Yeah  but my properly is then he is a brainless drone, whats the motivation to read, hes even lower on the totem then your standard cliche ridden sterotypes.


----------



## yo586 (Sep 24, 2011)

He will continue to change and grow as the environment dictates.  And ya, I don't think any character in this story is going to be cast as good or bad.  I am still rooting for the nameless knight, and eager to see where this story will go.  I still really have no idea what they are going to do with it.


----------



## gumby2ms (Oct 2, 2011)

damn sick style for this manwha. great chapter.


----------



## Spirit King (Oct 2, 2011)

*Spoiler*: __ 



I've read the raws, 





























































She betrays him and goes for the other after he and him fight. He then dones the demon lord suit and they fight again.


----------



## dream (Oct 2, 2011)

Spirit King said:


> *Spoiler*: __
> 
> 
> 
> ...




*Spoiler*: __ 






Time to check out the RAWs.


----------



## Yakushi Kabuto (Oct 3, 2011)

The start made me think Rayearth just the slightest bit. Not a bad thing and it has well evolved past that little common feeling into something else also incredibly interesting. First time I’ve seen covetousness used, I hadn’t considered covet could be used like that. But it describes his feelings towards the princess perfectly. His need for her has become something that controls all he does and it doesn't seem like he could even think straight. The prophecy about making mistakes seems very likely.


----------



## yo586 (Oct 3, 2011)

I read chapters 00 and 01 closely now that it makes a bit more sense, I see a lot of hints and foreshadowing there that helps with my confusion.  I can't wait to see the rest of this translated.  Is it done in korean or still going?


----------



## dream (Oct 3, 2011)

> Is it done in korean or still going?



It's still ongoing according to mangaupdates, it's at 32 chapters.


----------



## Zetlad (Oct 3, 2011)

I'll definitely be checking this out when I have the time. I was curious where Spirit King's set was from, and I'm glad I checked out this thread.


----------



## PPsycho (Oct 3, 2011)

Pacing seems a little strange, but the setting is great. I like the idea of mixing the medieval with sci-fi and the art/character designs are neat too. And the manga viewing on egscans doesn't make my bloody pc lag like hell, so I will be keeping up with this


----------



## Lupin (Oct 5, 2011)

Just picked up this manhwa. The art and everything is amazing. The story is a tad bit messy, but I can sort of understand it.

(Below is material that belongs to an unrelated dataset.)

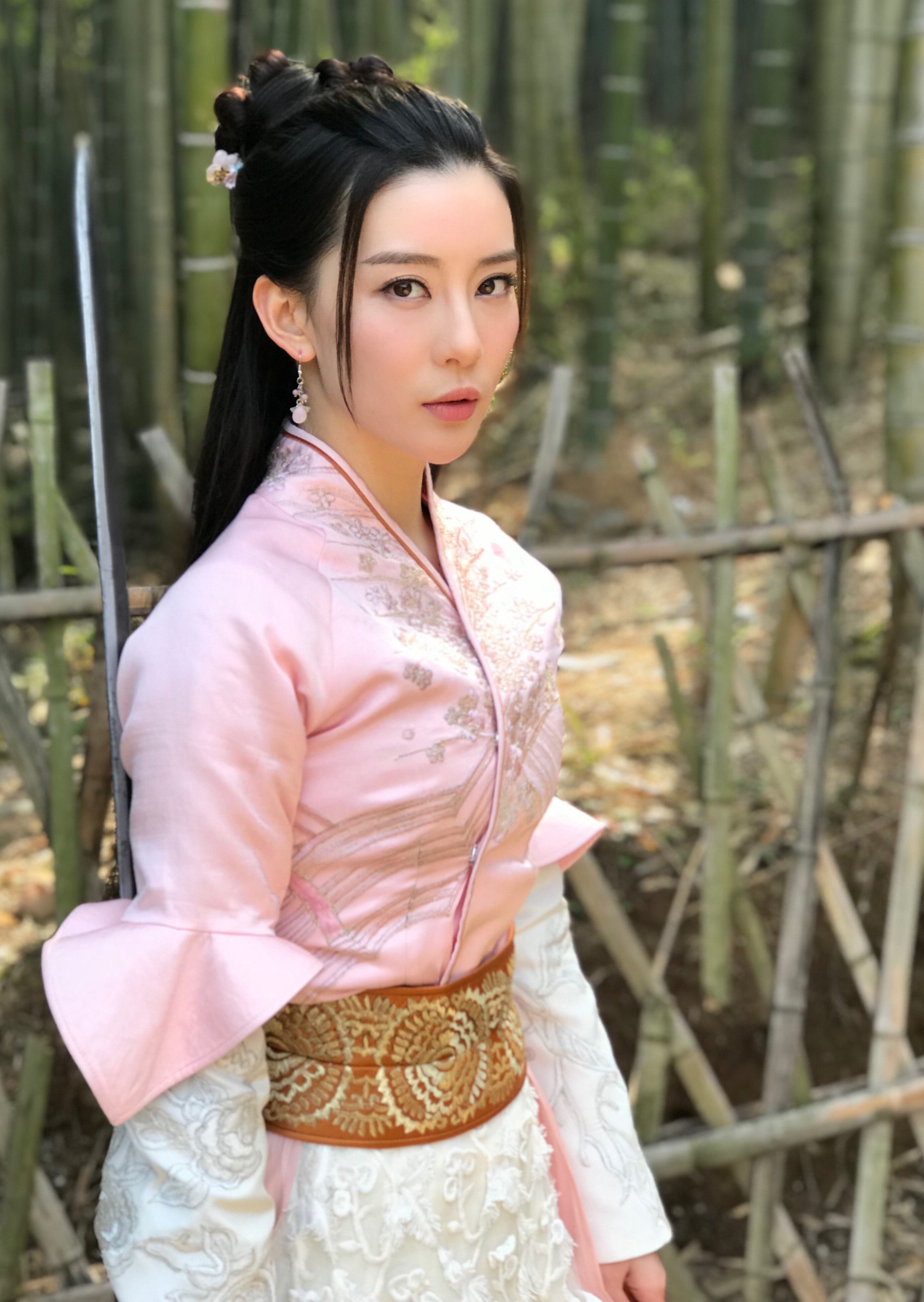 《问天录》青春热拍 新晋演员朱凌雾饰迟婉秋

I'm guessing he'll become the demon lord in the end because of the title. Chapter 00 and 01 was rather interesting. Made me wonder why that demon lord fought for the princess in the first place.


----------



## Zorokiller (Oct 6, 2011)

*Spoiler*: __ 



So Odin and the Demon lord are actually the same person, only one blessed fate of being with the princess while the other has to live without her. Pretty cruel


----------



## Muk (Oct 6, 2011)

why is the demon lord now named nameless knight? i thought the nameless knight was just that a product of odin to kill the demon lord


----------



## dream (Oct 6, 2011)

Muk said:


> why is the demon lord now named nameless knight? i thought the nameless knight was just that a product of odin to kill the demon lord



We're going under the assumptions that the nameless knight will become the Demon Lord in the future.


----------



## yo586 (Oct 6, 2011)

Interesting that the demon lord has the same face and coat as Odin in the first chapter.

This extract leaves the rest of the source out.